- Opening Delimiter -

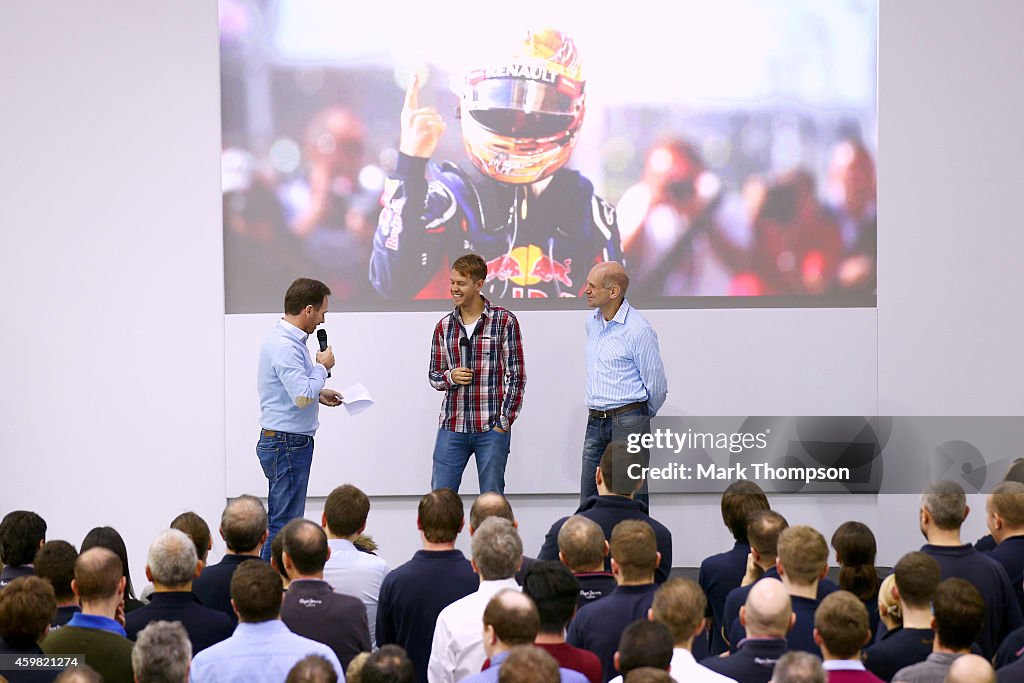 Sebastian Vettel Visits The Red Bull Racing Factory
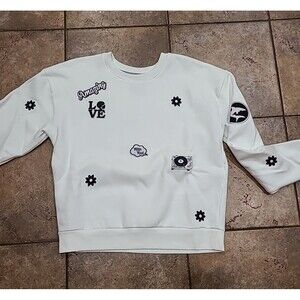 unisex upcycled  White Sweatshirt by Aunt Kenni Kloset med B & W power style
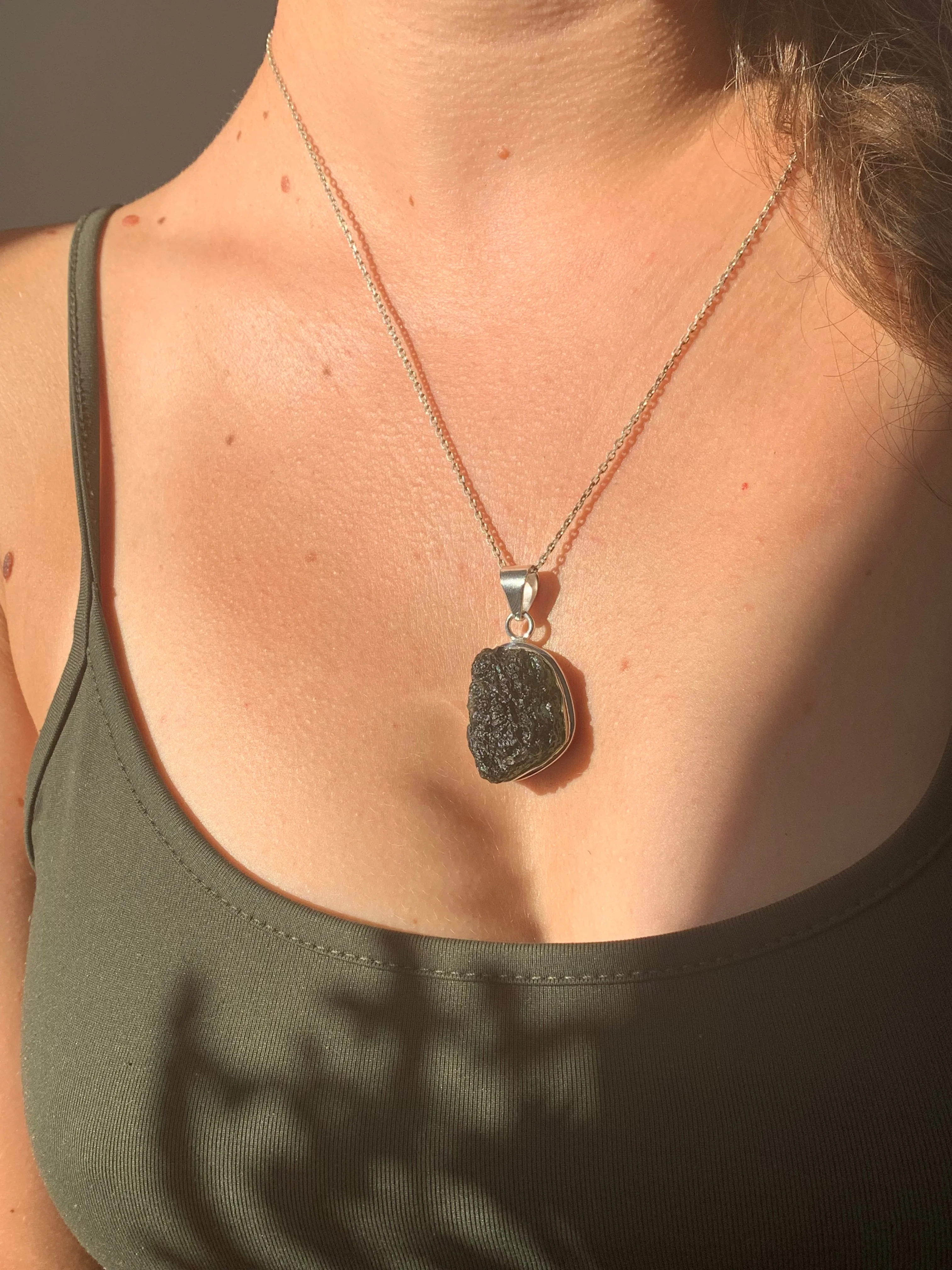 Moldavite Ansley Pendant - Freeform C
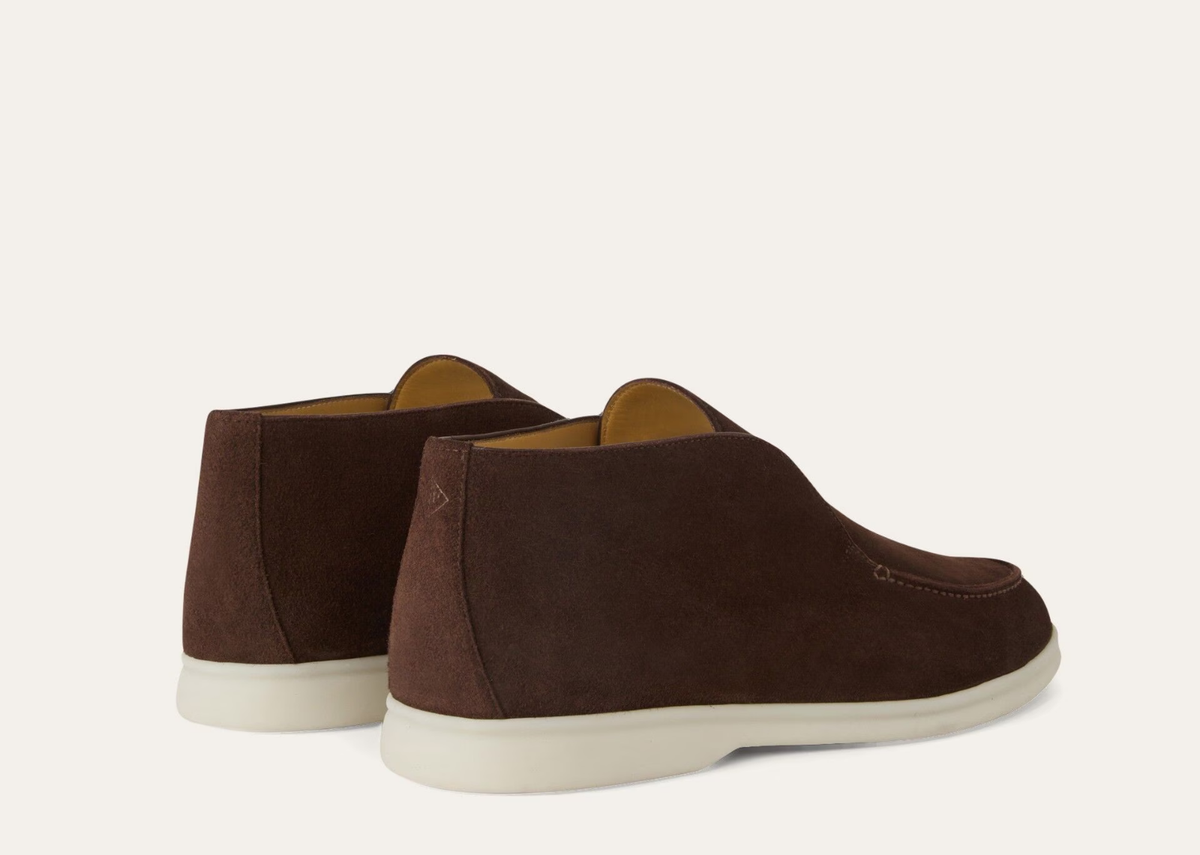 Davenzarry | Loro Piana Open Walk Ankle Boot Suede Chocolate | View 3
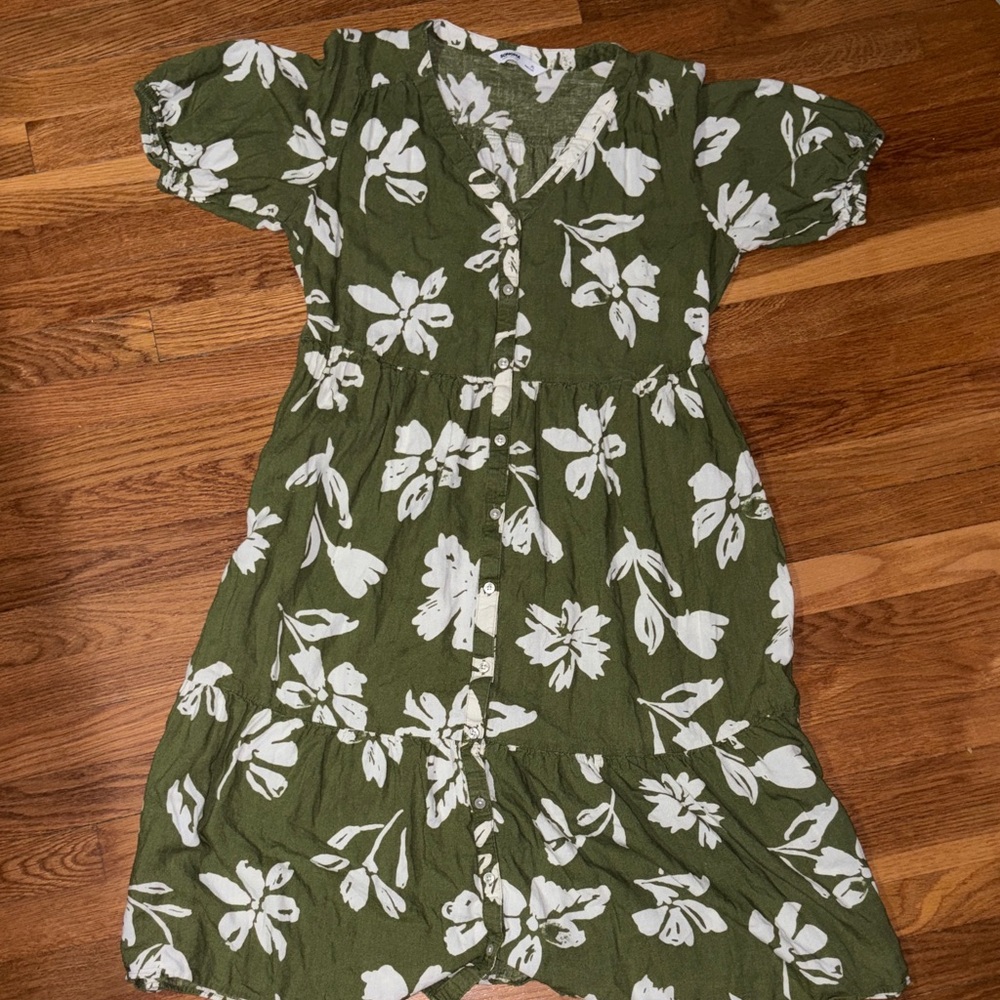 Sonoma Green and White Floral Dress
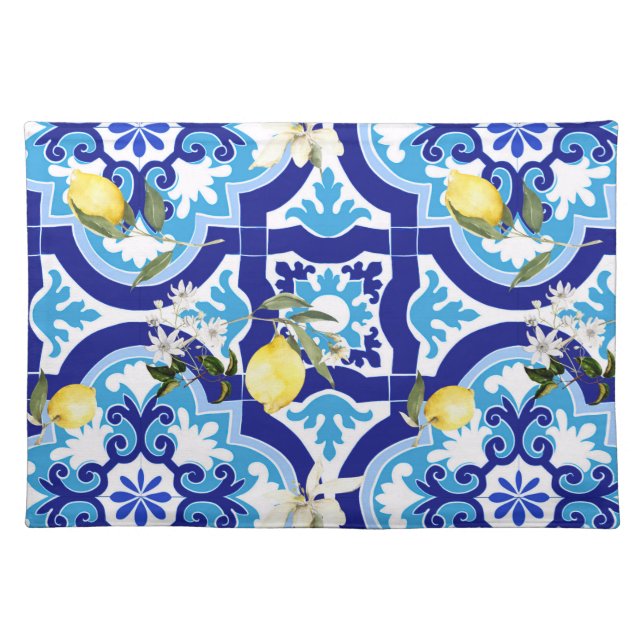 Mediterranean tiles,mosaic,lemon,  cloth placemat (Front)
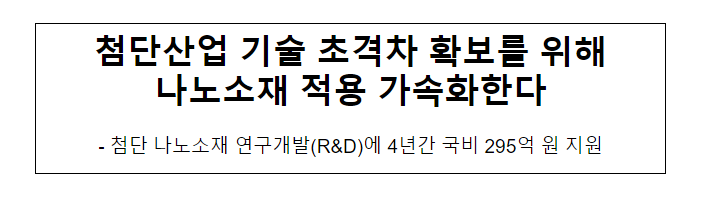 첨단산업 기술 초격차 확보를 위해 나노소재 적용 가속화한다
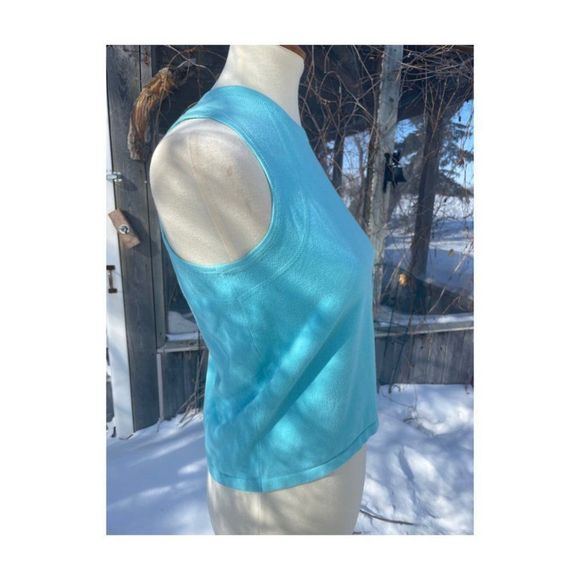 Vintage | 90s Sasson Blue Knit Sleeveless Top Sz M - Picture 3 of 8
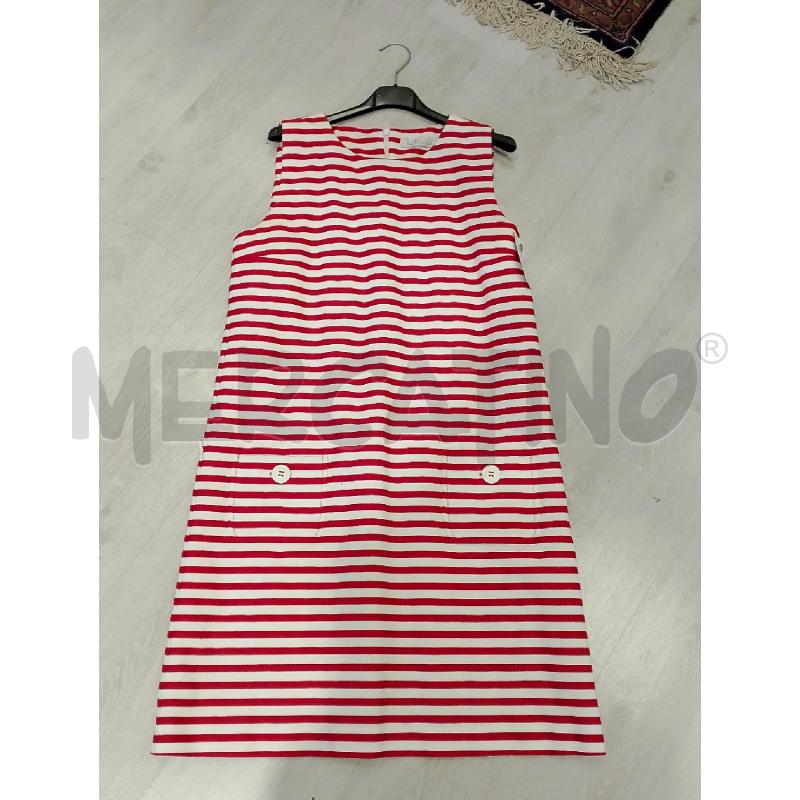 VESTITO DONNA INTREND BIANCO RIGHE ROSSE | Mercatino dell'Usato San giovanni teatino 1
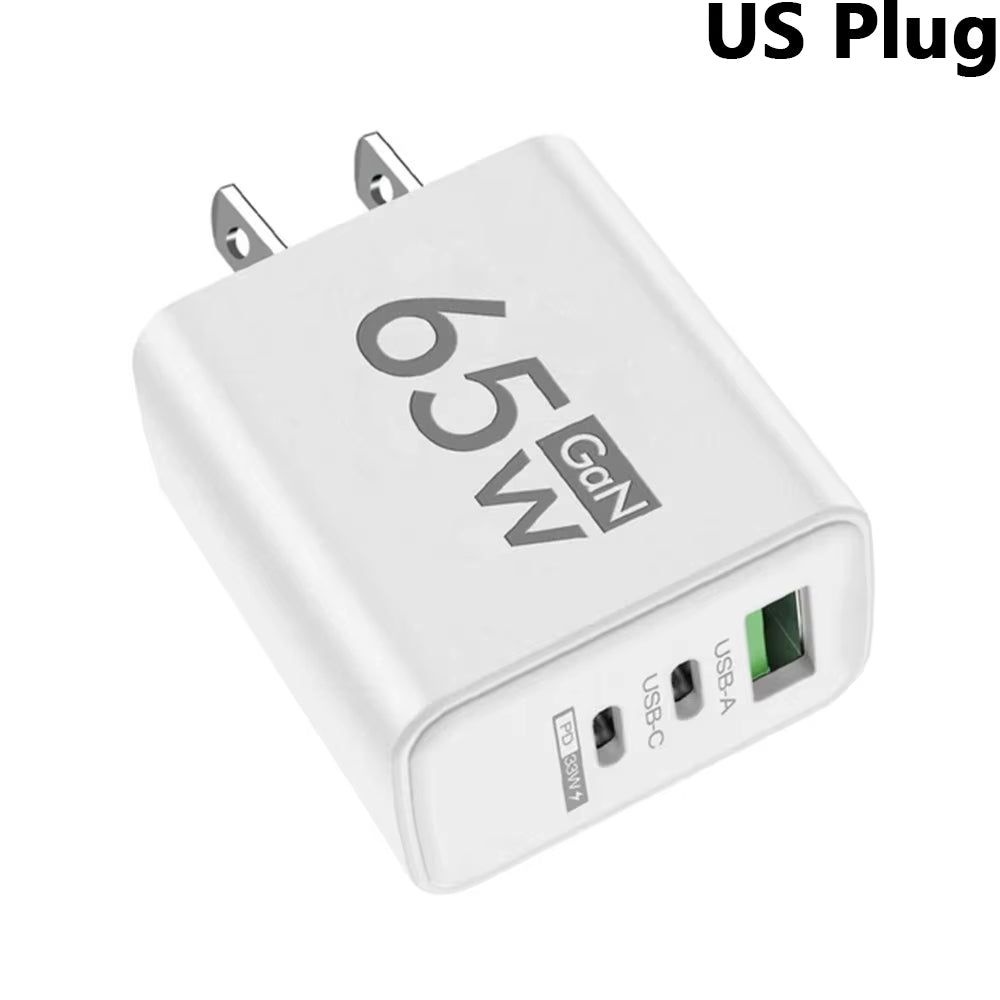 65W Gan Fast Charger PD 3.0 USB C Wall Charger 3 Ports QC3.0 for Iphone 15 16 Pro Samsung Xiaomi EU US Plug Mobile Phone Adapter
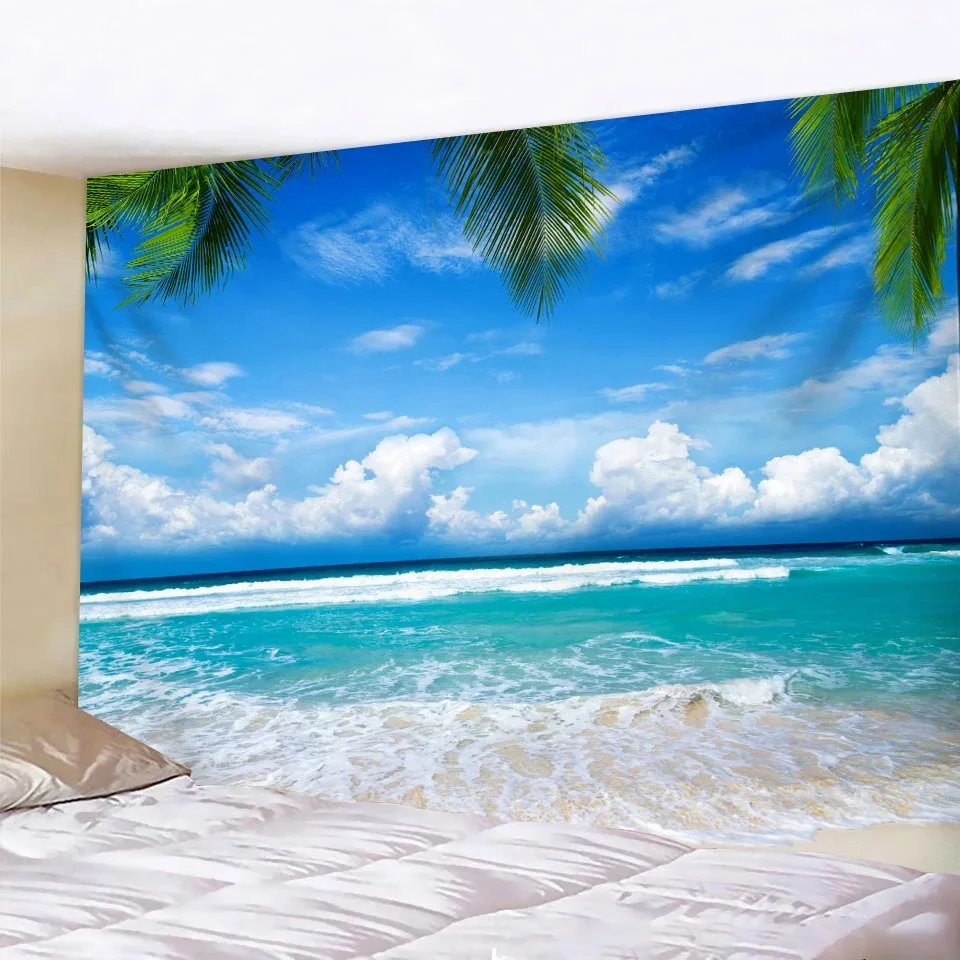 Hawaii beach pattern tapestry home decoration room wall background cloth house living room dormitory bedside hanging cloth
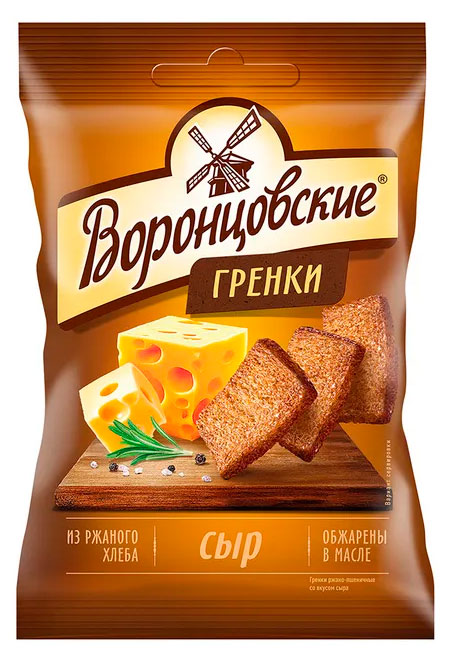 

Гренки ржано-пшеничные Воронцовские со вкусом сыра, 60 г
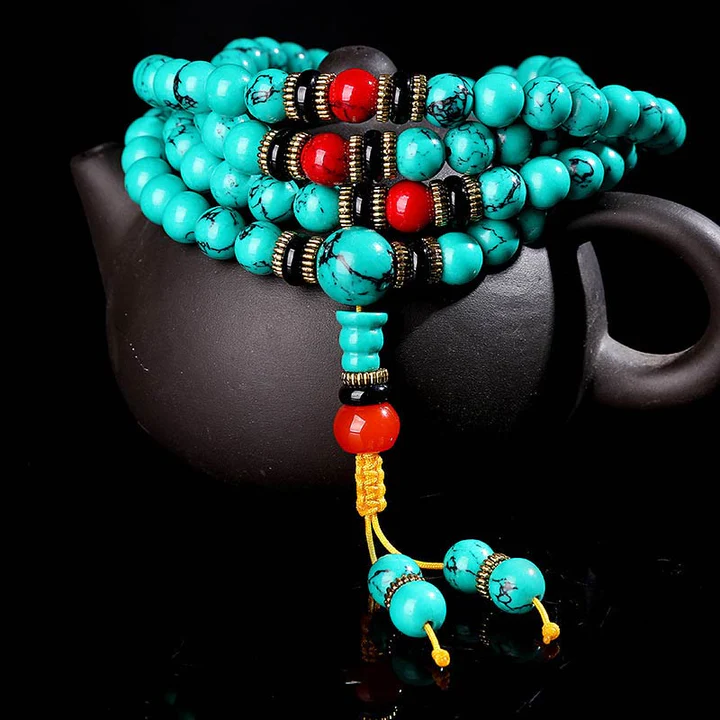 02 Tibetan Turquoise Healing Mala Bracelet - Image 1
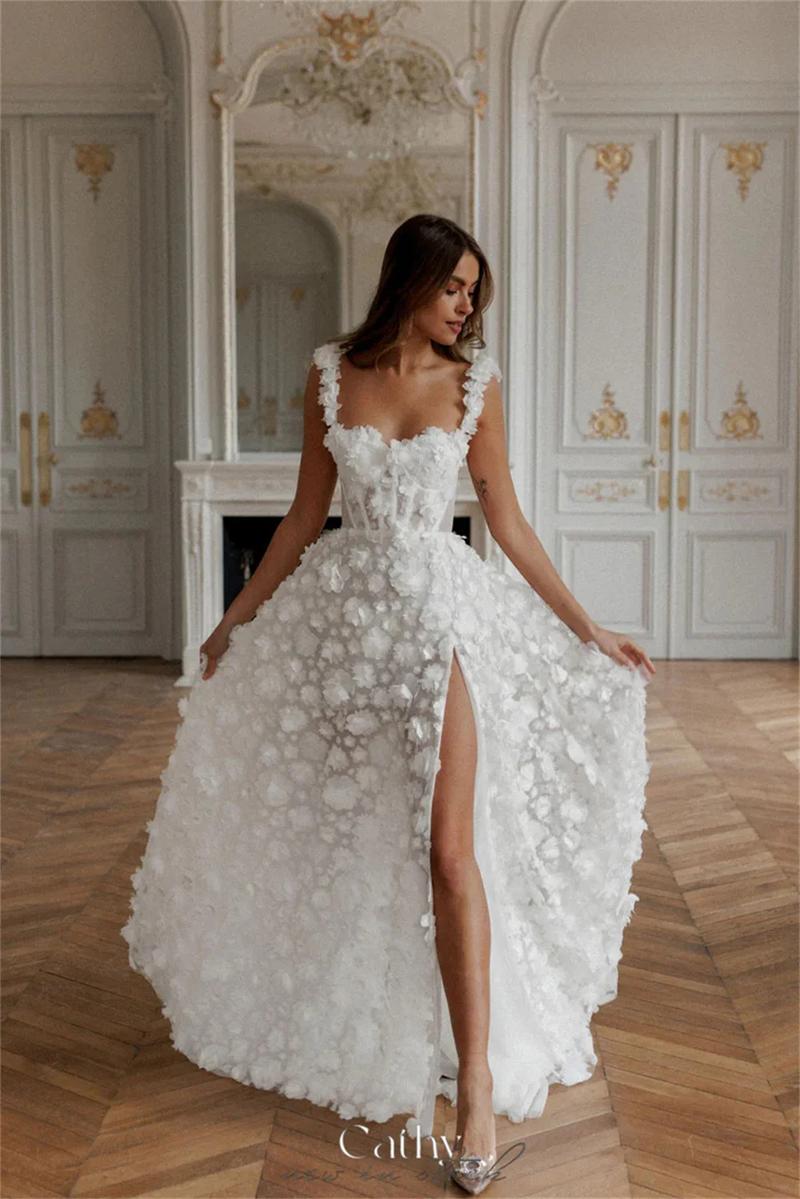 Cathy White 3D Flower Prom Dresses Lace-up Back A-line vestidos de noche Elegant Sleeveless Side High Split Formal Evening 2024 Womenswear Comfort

- Closing Delimiter -

**Assignment**: Copy the line showing "Sonoma Green and White Floral Dress" exactly, along with each line after it through the end of the material above. Pictures stay out.

**Result for this exercise**:
 Sonoma Green and White Floral Dress
 Mediterranean tiles,mosaic,lemon,  cloth placemat (Front)
 첨단산업 기술 초격차 확보를 위해 나노소재 적용 가속화한다
 Vintage | 90s Sasson Blue Knit Sleeveless Top Sz M - Picture 3 of 8
 VESTITO DONNA INTREND BIANCO RIGHE ROSSE | Mercatino dell'Usato San giovanni teatino 1
 65W Gan Fast Charger PD 3.0 USB C Wall Charger 3 Ports QC3.0 for Iphone 15 16 Pro Samsung Xiaomi EU US Plug Mobile Phone Adapter
 Hawaii beach pattern tapestry home decoration room wall background cloth house living room dormitory bedside hanging cloth

Гренки ржано-пшеничные Воронцовские со вкусом сыра, 60 г
 02 Tibetan Turquoise Healing Mala Bracelet - Image 1
 Cathy White 3D Flower Prom Dresses Lace-up Back A-line vestidos de noche Elegant Sleeveless Side High Split Formal Evening 2024 Womenswear Comfort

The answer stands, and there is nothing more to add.